Lord Hope émit néanmoins plusieurs recommandations pratiques afin qu'une telle situation ne se reproduisît plus (Pullar v. Her Majesty's Advocate, Scots Criminal Case Reports 1993, p. 514; paragraphe 21 ci-dessous).

17. M. Pullar fut immédiatement incarcéré à la prison de Saughton et dut se démettre de ses fonctions au conseil régional. Il fut libéré le 1er octobre 1993.

II. Le droit et la pratique internes pertinents

A. Le jury

18. Dans tout procès pénal en Ecosse, c'est un jury composé de quinze hommes et femmes sans qualifications juridiques qui décide de toutes les questions de fait, y compris la crédibilité et la fiabilité des témoignages. Le premier devoir du juge est d'instruire le jury quant au droit applicable à l'affaire. Le jury peut rendre son verdict à la majorité simple.

19. L'article 3 de la loi de 1825 sur les jurés en Ecosse (Jurors (Scotland) Act 1825) prévoit l'établissement de listes d'hommes et de femmes semblant présenter les qualités requises pour être juré.

Chaque fois qu'un procès est prévu devant le tribunal local, le greffier dresse à partir de ces listes une "liste d'assises" mentionnant le nom, l'adresse et la profession des jurés potentiels. Les personnes figurant sur cette liste sont ensuite convoquées au tribunal au début de la session.

A ce stade, le greffier tape sur des bulletins le nom de chacune des personnes citées sur la liste d'assises et présentes dans le prétoire, conformément à l'article 129 de la loi de 1975 sur la procédure pénale en Ecosse (Criminal Procedure (Scotland) Act 1975, "la loi de 1975").
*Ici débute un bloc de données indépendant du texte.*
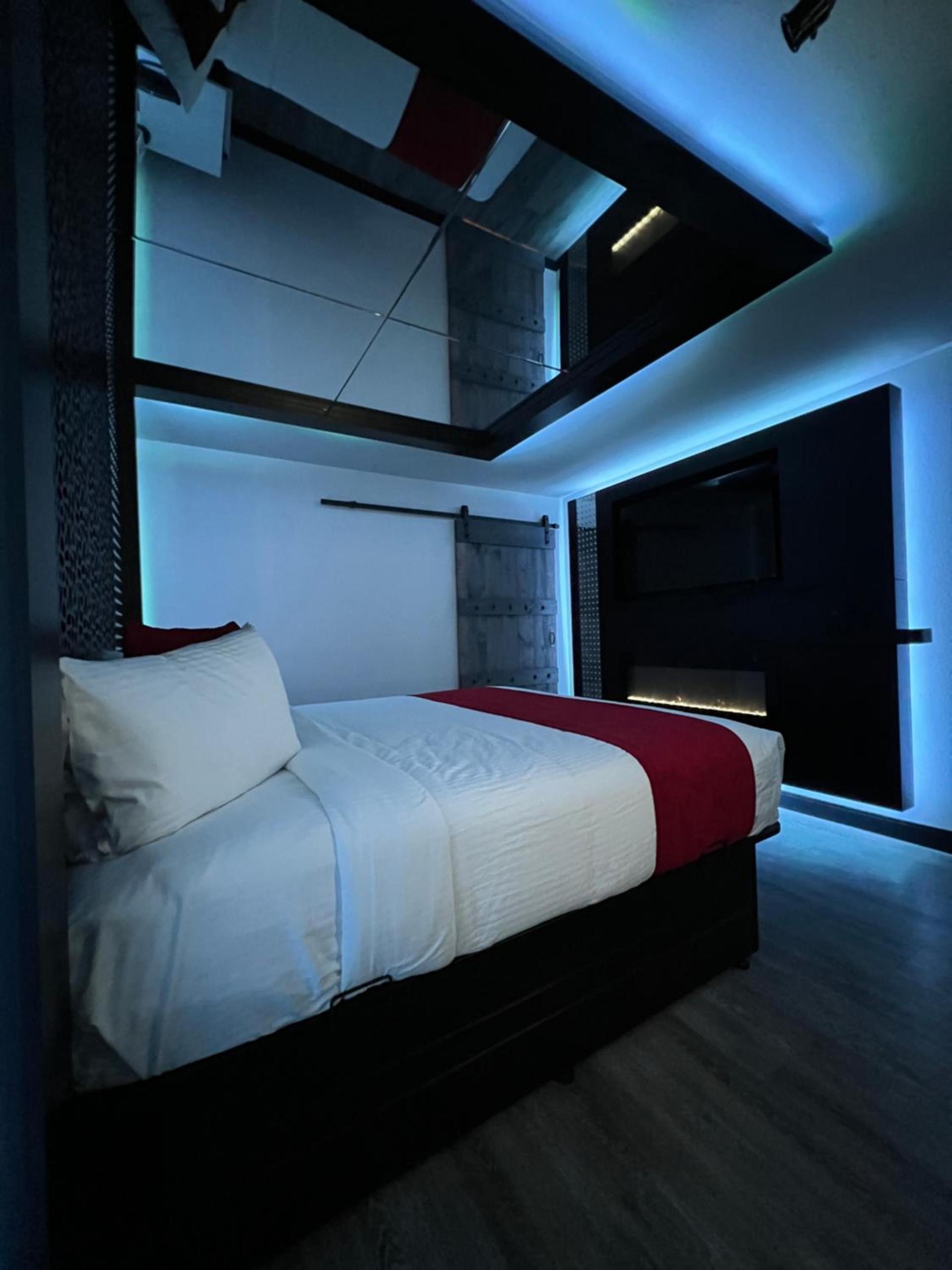 Imperial Suites, Adults Only photo 59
Il place ensuite les bulletins dans un bocal ou une boîte et, si l'accusé plaide non coupable, désigne les jurés en tirant quinze bulletins au sort. Cette procédure se déroule publiquement, en présence de l'accusé ainsi que des avocats de la défense et de l'accusation. Les renseignements relatifs à chaque juré mentionnés sur la liste d'assises sont communiqués à la défense.

20. L'article 130 par. 1 de la loi de 1975 autorise la défense et l'accusation, dans tout procès et au moment de la constitution du jury, à récuser trois jurés sans indiquer de motif. En outre, les parties peuvent récuser un juré en justifiant d'un motif particulier, le tribunal de son côté pouvant écarter un juré de sa propre initiative à tout stade du procès (article 133 de la loi de 1975).
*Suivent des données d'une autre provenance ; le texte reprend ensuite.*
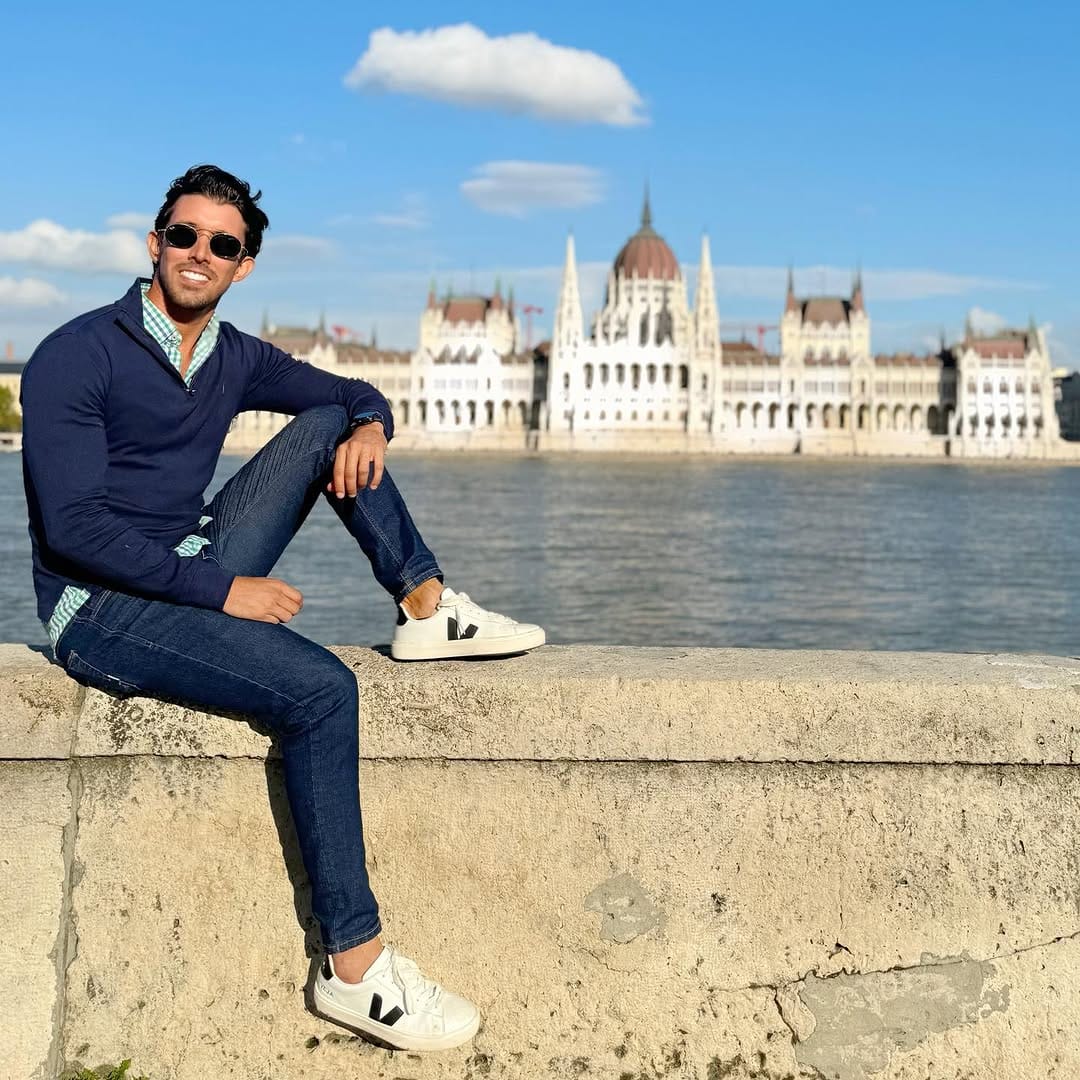 Post 4 by Santiago Lopez on Instagram (image)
La High Court a décidé qu'un juré ne peut être exclu que pour des raisons personnelles bien précises, par exemple s'il est lui-même impliqué dans l'affaire ou s'il a des liens étroits avec une partie au procès ou avec un témoin (M. v. Her Majesty's Advocate, Scots Law Times 1974 (Notes), p. 25).
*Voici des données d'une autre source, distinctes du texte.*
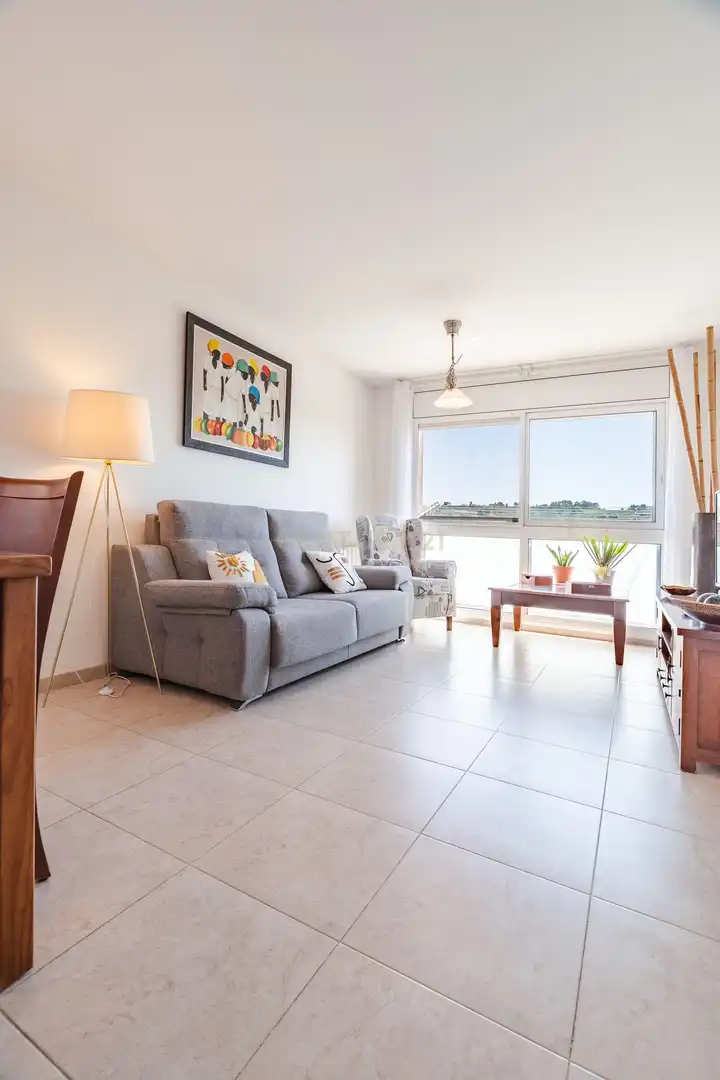 Wohnzimmer von Einfamilien-Reihenhaus zum Verkauf in Vila-rodona mit Privatgarten und Ofen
En vertu de l'article 134 de la loi de 1975, un procès peut se poursuivre avec un nombre de jurés inférieur à quinze, mais non à douze.

21. Avant que M. Pullar ne fît appel, le droit et la pratique écossais ne comportaient aucune règle permettant d'établir l'existence de motifs de récuser un juré potentiel. Dans sa décision relative à l'affaire Pullar v. Her Majesty's Advocate (Scots Criminal Case Reports 1993, p. 514), la High Court a émis des directives quant aux mesures à prendre à l'avenir pour éviter tout risque de préjugé envers l'accusé. Elle a notamment formulé les suggestions suivantes: à leur arrivée au tribunal, les jurés potentiels doivent être informés de l'identité de l'accusé, du plaignant et de toute autre personne citée dans l'acte d'accusation; le juge du fond peut, s'il le souhaite, demander aux jurés de lui dire si une raison particulière les empêche de faire partie du jury; tout membre du personnel judiciaire apprenant l'existence de faits laissant supposer qu'un juré connaît personnellement l'affaire ou risque d'être soupçonné de partialité doit en informer immédiatement le juge.